Bringing a Poem to a Gunfight (Side B) offers hand-collected domestic dust, text and textiles as objects that may hold data revealing how we view labour, matter and identities entangled within domestic as well as public spaces.
Encased in seven custom-made wooden boxes, dust here – now seemingly tamed and obedient by the act of being contained – is presented as objects to be viewed, studied and examined. The addition of a loupe that is provided alongside the boxes provokes the viewer to interact with the adjacent box and its contents up-close. By exposing it to public inspection, it further forces an intimate relationship to be formed between the viewer and the dust that has emerged from someone else’s home but has now been put on a proverbial pedestal. Or is it a scene of crime?

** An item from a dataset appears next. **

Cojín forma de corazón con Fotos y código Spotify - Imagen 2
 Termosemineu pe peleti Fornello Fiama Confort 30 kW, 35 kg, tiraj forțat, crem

The data held within the boxes can provide clues as to what events may have taken place, the changing seasons, the people involved and their activities. There are grains of rice and lentils pressed against the plexiglass but there are also bits of leaves, bugs and tiny pebbles — traces of who may have visited the artist’s home and what they would have brought in with them, from the outside world. The public sphere, here, enters the domestic and through the project, permeates back into the public realm, thus, bridging the private with the shared common.
Modelled after colonial ethnographic artefacts that are de (re) contextualised from its place of the nativity when brought to a museum/gallery setting, each of these boxes invoke questions about the information or the power that these objects may hold in its new environment. The custom-made light boxes, multiple and visually repetitive in form, take after colonial aesthetics of viewing, meaningful-making and the politics of displaying matters that may have once been private and personal, but are now for anyone to comment upon. But can the same aesthetics be adopted and reclaimed as auto-ethnography? Does it then shift the gaze for the indulgence to also be viewed as critical or does it internalise the same regressive values?
What happens to the object itself (in this case, household dust) when it is removed from its place of nativity and brought into a museum/gallery setting? Does the matter then gain more value or does it lose some of its inherent value to become solely representative and symbolic? Is its identity and the power it may possess neutralised by the act of removing it from its place of origin? But if dust is largely considered a matter of refusal or removal, what purpose may it then hold? Can domestic dust have the capacity to transform its role as a passive observer to become an active actor in presenting narratives?
Each of the seven light boxes have an enclosed (index) drawer that holds within them short epigrams for the ones seeking more information about the material that it holds. Depending on how one may navigate the additional data, these two-sentence poems — letterpress printed on fabric — either add to the knowledge that the dust in the respective box may provide or throw them further into abstraction.
By treating domestic dust as a scientific site of data collection and reporting, this work processes and expands upon the invisible areas where the line between the domestic and the public realm meets, bends and shifts.